◆ EXERCISE
Among the records below, find the line with "Plumber Plumbing Skull" and the line with "K377 - Muslin". Set down both and every line between, exactly and with no pictures, but nothing else.

Items from a data source:
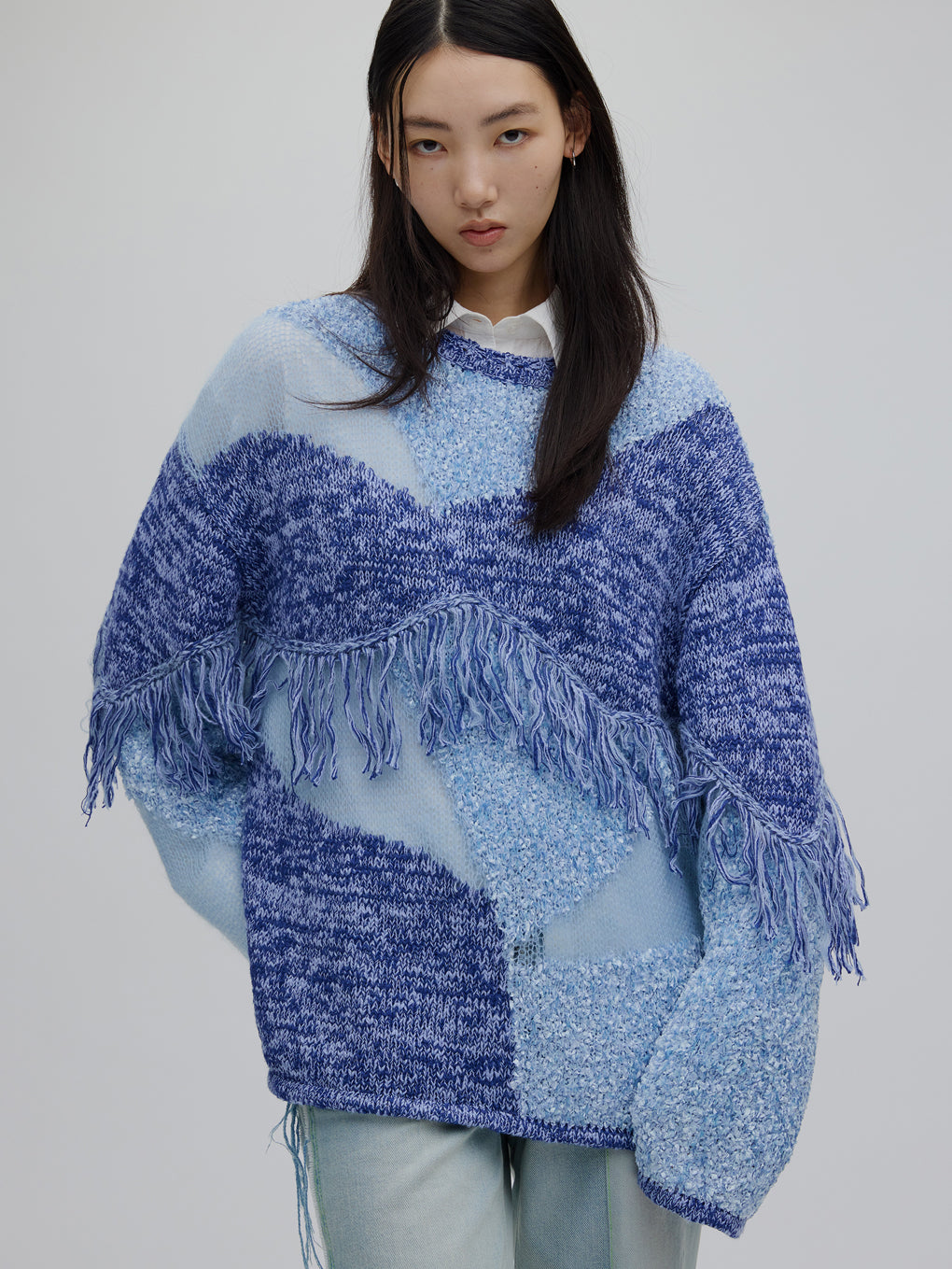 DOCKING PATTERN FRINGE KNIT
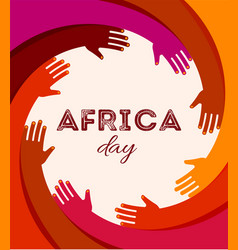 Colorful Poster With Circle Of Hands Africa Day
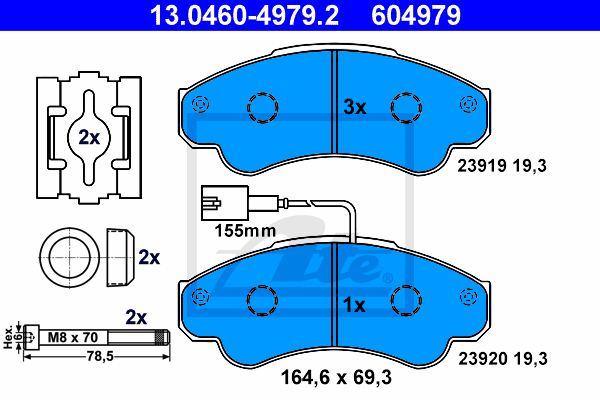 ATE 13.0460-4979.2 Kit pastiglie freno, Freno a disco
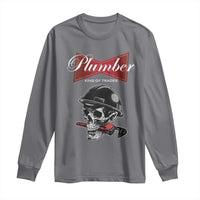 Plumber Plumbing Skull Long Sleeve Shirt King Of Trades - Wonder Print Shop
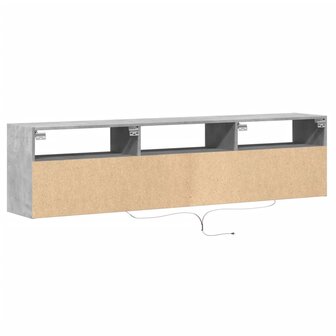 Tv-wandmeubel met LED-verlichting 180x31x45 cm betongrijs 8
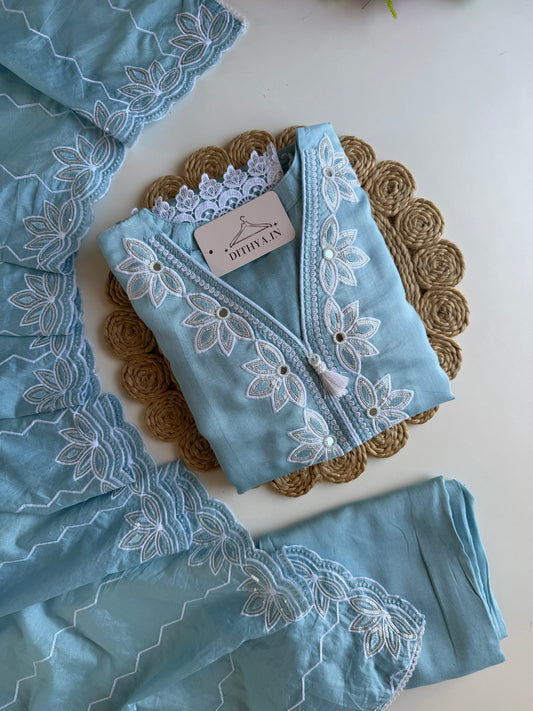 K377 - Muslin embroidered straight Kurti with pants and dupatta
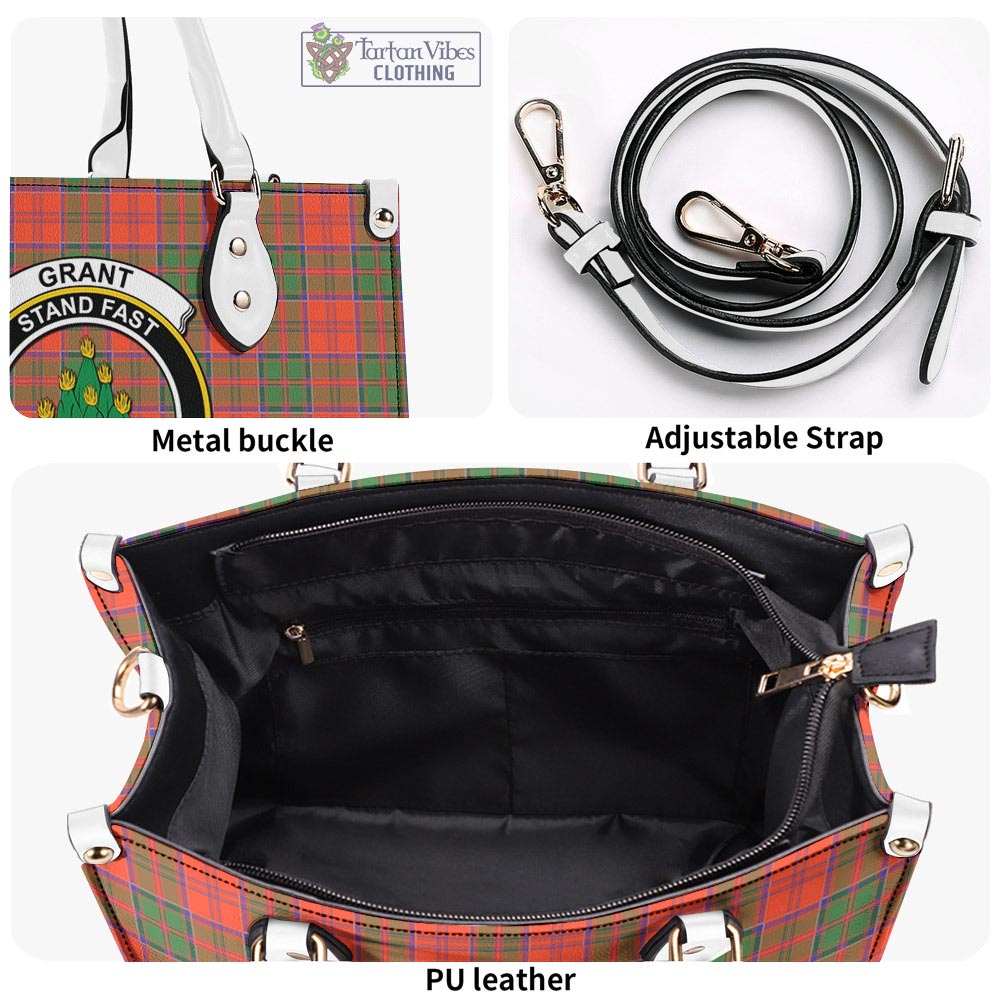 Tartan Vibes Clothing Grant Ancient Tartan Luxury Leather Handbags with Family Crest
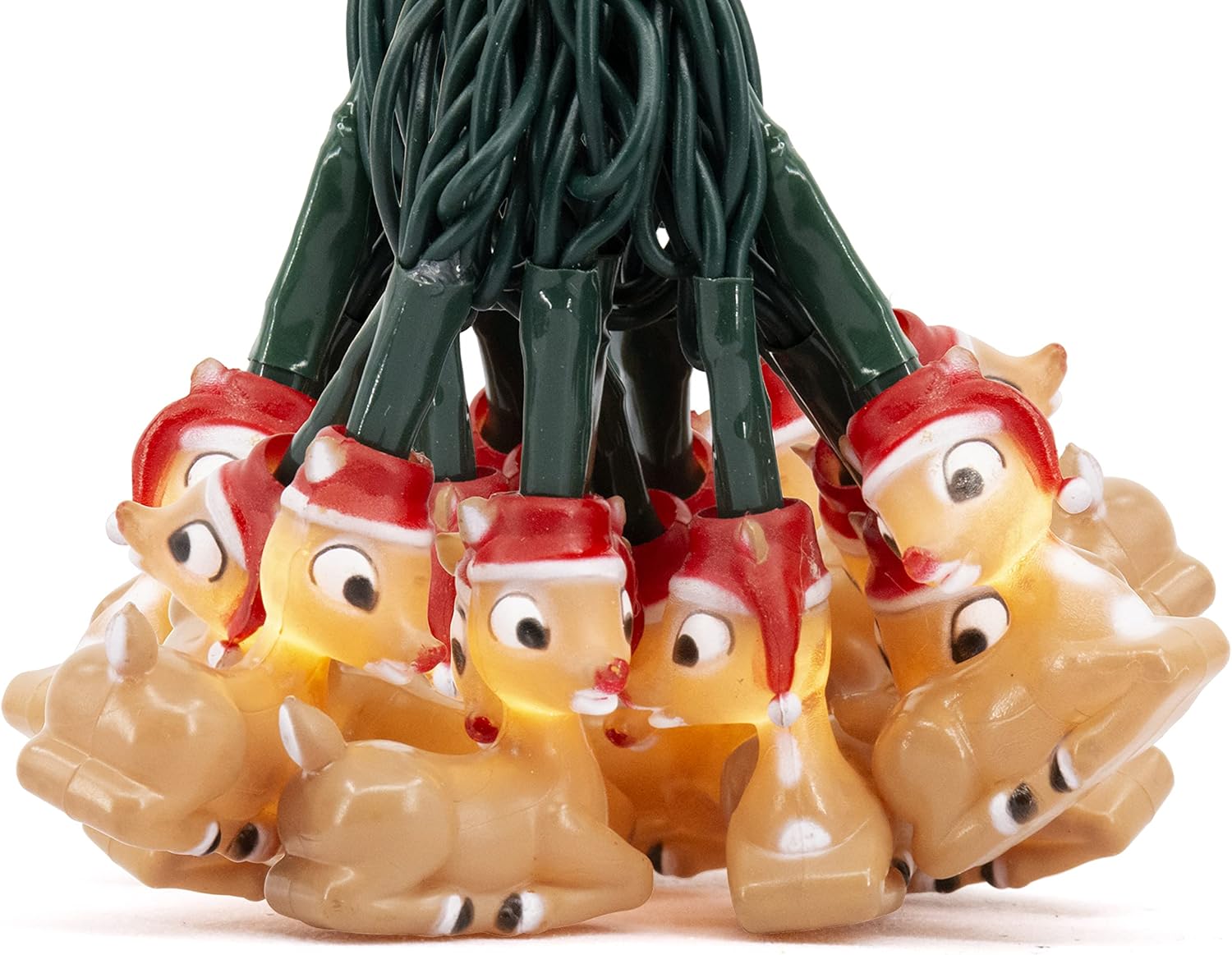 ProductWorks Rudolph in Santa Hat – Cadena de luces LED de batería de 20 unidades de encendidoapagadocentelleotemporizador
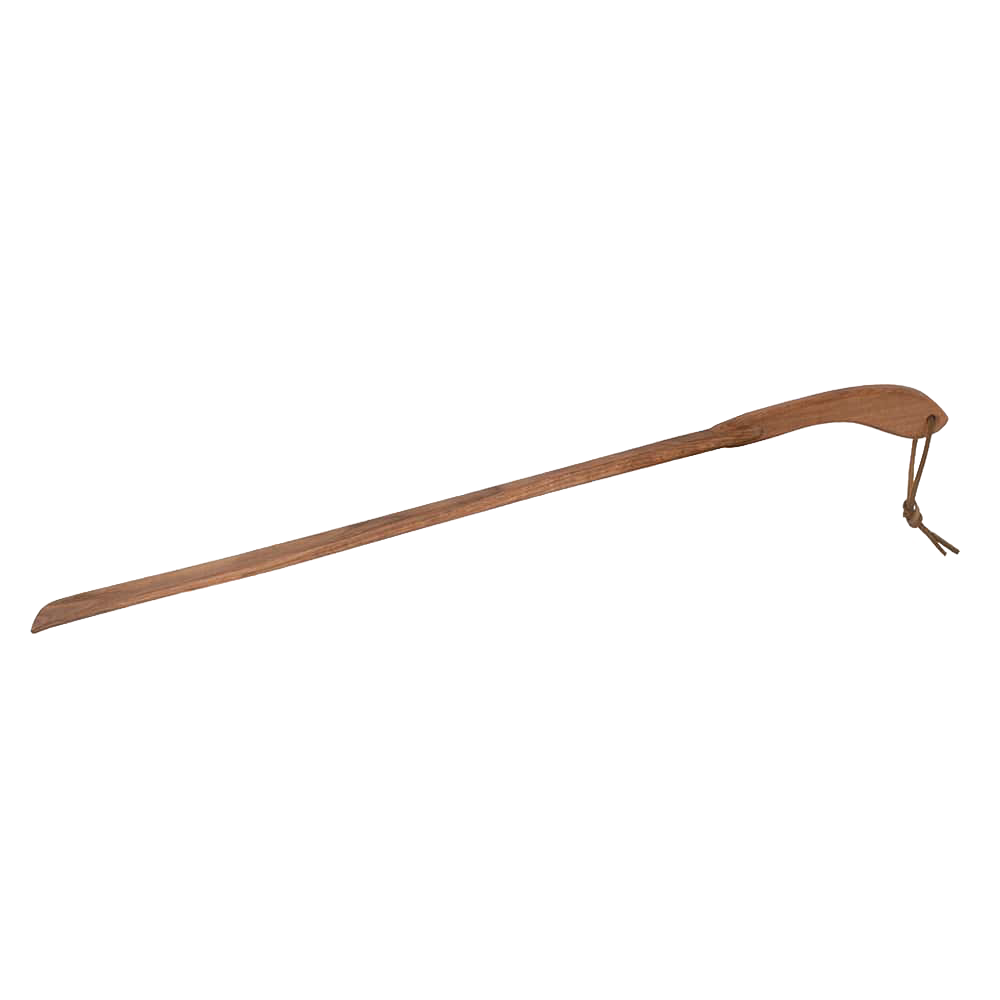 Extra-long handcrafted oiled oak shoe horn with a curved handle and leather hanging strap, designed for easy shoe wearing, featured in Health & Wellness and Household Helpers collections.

◆ SOLUTION TO THIS EXERCISE
 Plumber Plumbing Skull Long Sleeve Shirt King Of Trades - Wonder Print Shop
 Tv-wandmeubel met LED-verlichting 180x31x45 cm betongrijs 8
 K377 - Muslin embroidered straight Kurti with pants and dupatta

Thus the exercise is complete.